▶ WHAT THIS TASK INVOLVES
An exact restatement of the entire listing is needed, excluding all images.

▶ DATA SECTION
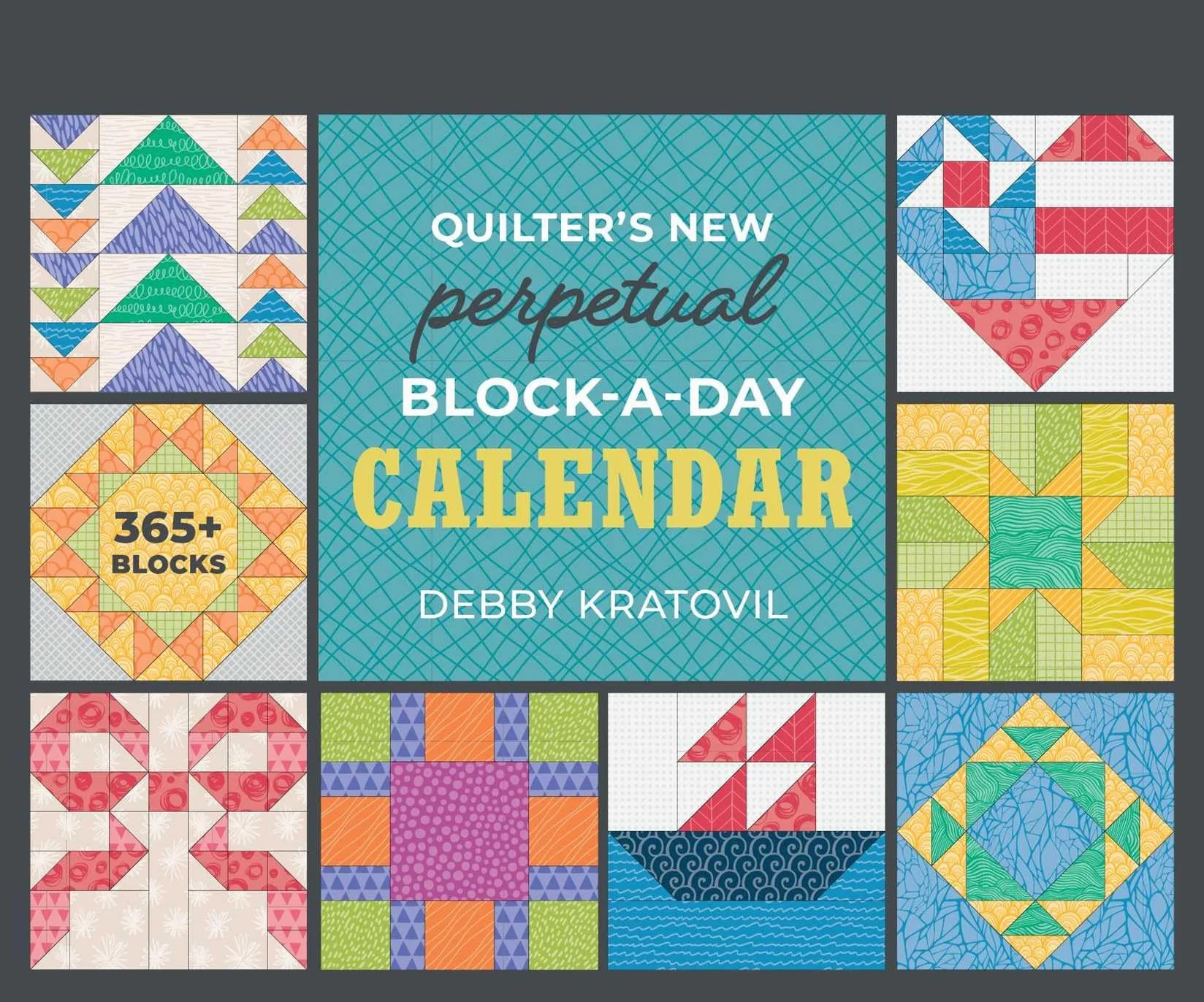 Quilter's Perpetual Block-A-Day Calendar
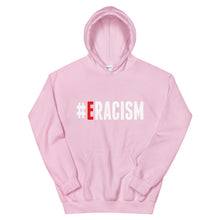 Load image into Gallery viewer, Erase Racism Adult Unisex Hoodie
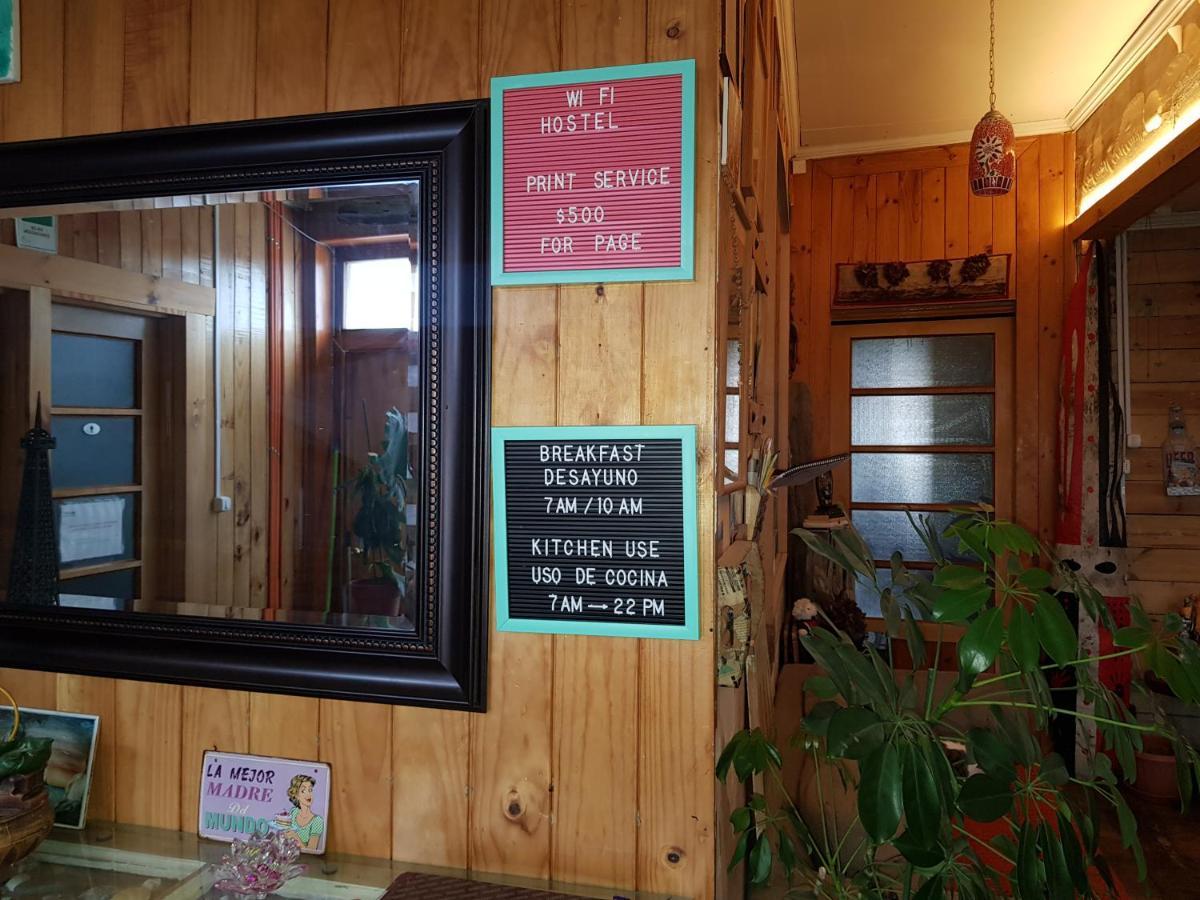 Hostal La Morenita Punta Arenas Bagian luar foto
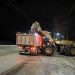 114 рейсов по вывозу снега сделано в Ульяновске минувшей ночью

▶ RESULT OF THIS TASK
 Quilter's Perpetual Block-A-Day Calendar
 Load image into Gallery viewer, Erase Racism Adult Unisex Hoodie
 Hostal La Morenita Punta Arenas Bagian luar foto
 114 рейсов по вывозу снега сделано в Ульяновске минувшей ночью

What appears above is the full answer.